The boards can supply up to 10A at 36V (or 20A if the fuse is replaced with a larger one) and are controlled via two PWM signals A and B. These signal can be switched from 10 to 500 KHz though around 100 KHz is recommended. The heatsinks on these devices were chosen assuming use that rarely approaches 10A and should be replaced if the application changes.
The motor driver board plugs into the main board and sits on top of it. Note that the board plugs in so that it covers the sam7 on the main board as is shown by the outline on the main board. Plugging the boards together the wrong way around will burn out the motor driver chip.

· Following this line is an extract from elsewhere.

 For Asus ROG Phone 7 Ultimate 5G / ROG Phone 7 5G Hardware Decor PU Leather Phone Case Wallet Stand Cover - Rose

The motor driver boards contain a DRV8402 dual motor driver chip. This chip can supply up to 24A of current to the motors and has internal protection from short circuits and overheating. The circuit was originally designed to use the DRV8432, an almost identical chip, but due to problems with supply the DRV8402 was used instead.

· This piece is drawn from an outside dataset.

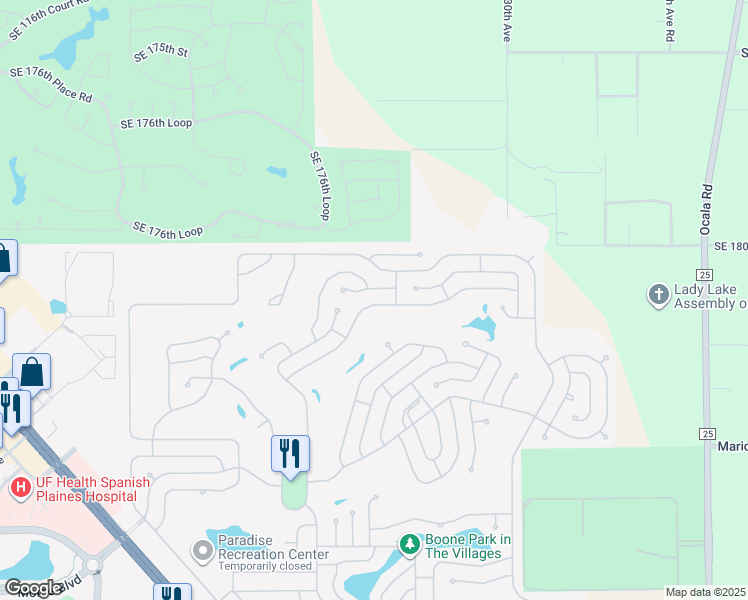 map of restaurants, bars, coffee shops, grocery stores, and more near 914 Orchid Street in Lady Lake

The same motor driver was used for both boards despite their differing requirements to cut down on the additional time and cost of creating and troubleshooting a second board. Several commercial motor driver boards were looked at for driving the motor. Problems were found with all of them however as most that could supply the required peak current of ten amps at 36V were large and significantly more costly than making our own. To save money and allow the motor boards to fit the same enclosure as the others we created our own motor driver.
##Heat sink sizing
###Motor heatsink
The motor driver chips we intended to use (DRV8432) are 97% efficient however the due to supply issues we are using the DRV8402 that is only 95% efficient. The motor at peak can draw 10 Amps however its continuous current is 2.85 Amps
Heat to dissipate = 0.05 * 2.85 Amps * 24 Volts = 3.42 Watts
The chip can run at up to 100 degrees before overheating thus assuming 20 degrees air temp maximum thermal resistance = 29.2 C/W Total
Thermal paste thermal resistance < 0.01 C/W DRV8432 Chip heat slug to pad thermal resistance 1.1 C/W
Maximum heat sink thermal resistance =28.1 C/W
Using an old Pentium 3 heatsink that has been cut down to size 15mm by 35 mm by 50 mm we calculated the thermal resistance using this method of estimation.

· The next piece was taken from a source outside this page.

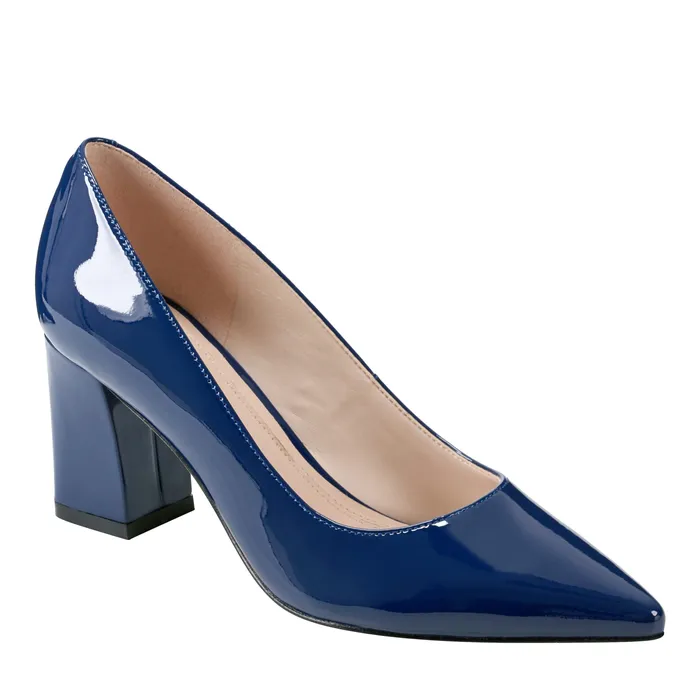 Heels and Pumps Women Zala Block Heel Pointy Toe Pump Dark Blue Patent Leather Marc Fisher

Assuming airflow of 0.1 m/s thermal resistance of heatsink = 24.4 C/W
The boards with motor drivers will require ventilation to provide some air flow as a sealed container's thermal resistance will far exceed the thermal resistance left
####Linear actuator heatsink
The linear actuator can draw up to 1.5 Amps with a max duty cycle of 25% without overheating.
Heat to dissipate = 0.05 * 1.5 Amps * 24 Volts * 25% = 0.45 Watts
For the same reasons as above
Maximum heat sink thermal resistance = 175.1 C/W
The heatsink used was 70% of the size of the one used on the motor and thus exceed the specification. The heat will therefore not be an issue.
All the components of the motor board were chosen to handle up to 20A and 36V. This is with the exception of the 10A fuse on the boards. It is white and located next to the big capacitor.
The motor driver outputs two status signals OTW and FAULT
FAULT OTW DESCRIPTION
0 0 Overtemperature shut down or overcurrent shut down or undervoltage protection
0 1 Overcurrent shut-down or GVDD undervoltage protection occurred
1 0 Overtemperature warning
1 1 Device under normal operation
The motor driver does not behave correctly when switched slowly (less then around 10KHz) and will break the output PWM up with a large number of spikes.
The motor driver chip requires 12V to switch the gates but uses 3.3V for all its logic. This means that there are several pins that can only tolerate 3.3V next to pins that require 12V so a short here may cause the motor driver chip to burn out.
If the motor driver chip has burnt out there will probably be an internal short between vreg (pin 10) and ground (pin 8).